Turkey's top court partly annuls expropriation law, upholds alcohol restrictions
Villagers in the Aegean town of Yırca, where an energy company cut down 6,000 olive trees for a thermal power plant construction last week, harvested the olives of the felled trees for the last time on Nov. 14. The incident sparked debate about expropriation practices in Turkey.Turkey's Constitutional Court has issued rulings on two key cases, partly annulling a controversial expropriation law, while upholding the latest restrictions on alcoholic drinks.
The top court ruled Nov. 14 that the recent amendments to the Expropriation Law violate the civil rights protected under Turkey's Constitution. A key article of the law stipulates that citizens whose properties are expropriated are not eligible to sue the administration or demand higher compensations through lawsuits.
The court also ruled that the annulment will take effect six months after it is published in the Official Gazette.
The main opposition Republican People's Party (CHP) had also made a plea regarding the recent amendments to the Alcohol Law led by the ruling Justice and Development Party (AKP), but the top court dismissed this case.
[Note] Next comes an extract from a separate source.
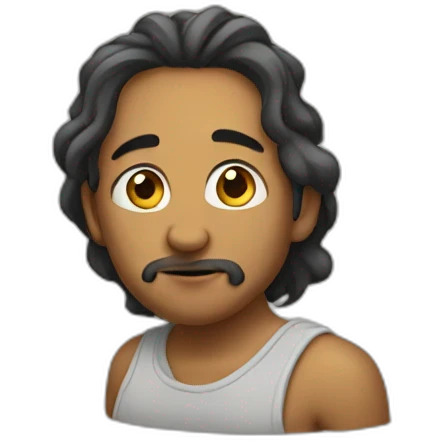 Stigma del condenado emoji
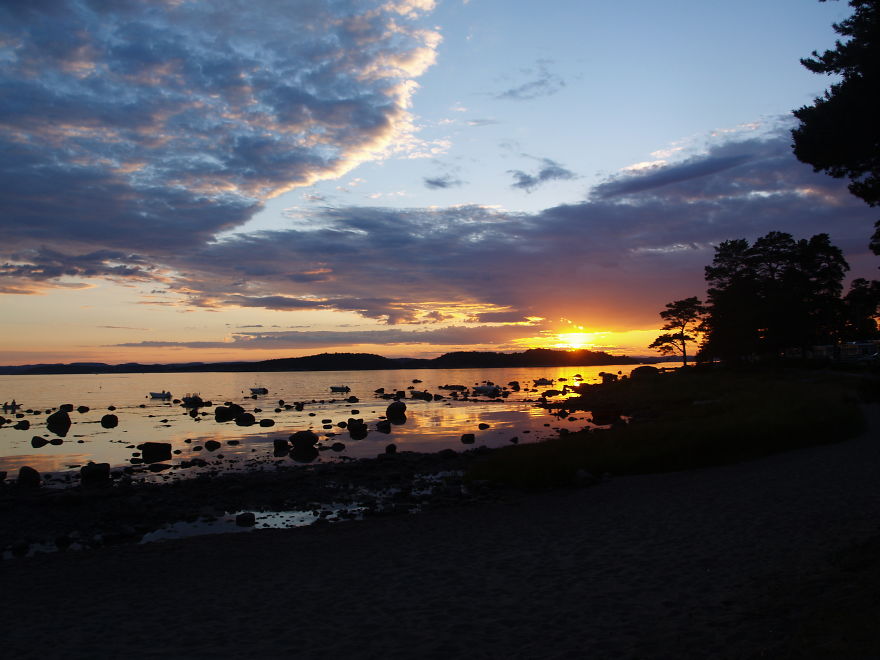 5 Beautiful Sunsets That Prove You Need To Go To Scandinavia!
The Constitutional Court ruled that the law does not violate any civil right by stipulating that alcolic drinks cannot be sold at educational institutions, including universities, and "alcoholic drinks cannot be portrayed on television in encouraging ways."
Turkey has recently seen the expropriation of large amounts of land for use by energy companies with the help of the government, regardless of its value to the environment or local history.
The most recent crisis was seen in the Aegean town of Yırca, where an energy company with close links to the government cut down 6,000 olive trees for a thermal power plant construction last week.
A Council of State ruling to halt the controversial expropriation in Yırca was announced hours after the company cut down the trees.